Casares y Torrente, Torrente y Casares, llegaron a ser muy buenos amigos. Entre Don Gonzalo y yo, ya en épocas difíciles para mi, incorporamos a Carlos a las comidas que Elena Quiroga daba en su pazo de Nigrán todos los veranos. Pero eso no toca hoy. Hoy toca que fui yo quien propició la profunda amistad que se profesaron ambos.
Por su parte fue Carlos quien me presentó a Camilo José Cela. Había quedado con él en un hotel de Vigo y me empujó a acudir con él a la cita, algo a lo que yo me mostré muy reacio pues no me gustaba la imagen pública del padronés. Carlos insistió y terminé accediendo para encontrarme con alguien que, en el trato cercano, no tenía nada que ver con la imagen que de él nos daba la prensa; por decirlo rápido, Cela no murió en loor ni de democracia, ni de progresismo, pero en los temas esenciales, el padronés, profesaba ambos conceptos en mayor cantidad y frecuencia que el ferrolano. 

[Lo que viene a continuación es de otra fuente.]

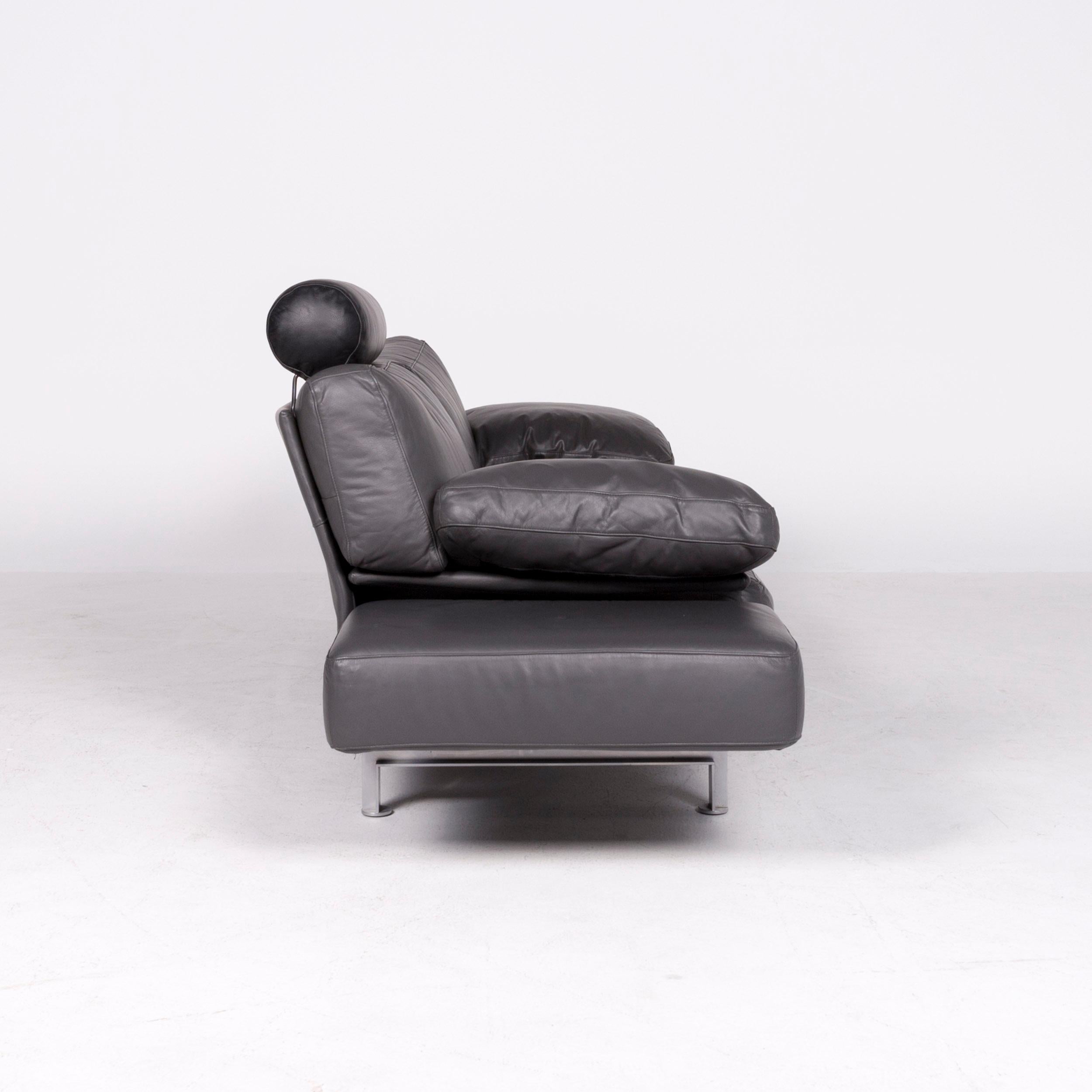 WK Wohnen Gaetano 687 Designer-Sofa aus grauem echtem Leder mit zwei Sitzen im Angebot 1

Es curioso como se establecen, cambian, mudan, vuelven o no regresan nunca las buenas y las malas famas de las gentes que alcanzan alguna significación pública. A Torrente y a Saramago, de quien fui igualmente amigo, también los presenté yo. Fue en ocasión de un debate entre los dos, celebrado que fue en el compostelano Hostal de los Reyes Católicos, en el que ejercí de moderador, o de conductor como se dice ahora. No tenían nada que ver, al menos en principio aunque los dos provenían de las filas de dos totalitarismos, pero llegaron a ser muy amigos. Yo creo que más Saramago de Torrente que este de él. Saramago admiraba profunda y sinceramente la obra de Torrente; sin embargo, nunca le oí a este proclamar ni su admiración, ni emitir elogio alguno acerca de la obra del portugués que, además de excelente novelista, el de “Memorial do convento” o “O ano da morte de Ricardo Reis”, por ejemplo, fue una extraordinaria buena persona, amigo de sus amigos, incapaz de reprimir o guardarse en el coleto un elogio referido a la obra de un colega.
Casares tampoco ocultó nunca su admiración por Torrente y murió convencido de que el ferrolano merecía el Nobel, algo que yo comparto. Por mi parte creo que Cela y Saramago se merecieron ganarlo y que estuvo muy bien que lo consiguiesen. A Casares no me hubiese parecido mal que se lo hubiesen dado. Me hubiese alegrado sinceramente, tanto como él lo hizo cuando le dieron a “El Griffon” el Nacional de Literatura, por lo menos. Al fin y al cabo estamos hablando de tres escritores gallegos y de un portugués, que casi viene siendo lo mismo; aunque no pocos portugueses, tantas veces, pretendan ignorarlo. En fin, que estas evocaciones son las que nos traen “Los agostos de Casares”, ese libro cuya lectura recobra “la alegría de leer”. Feliz fin de verano.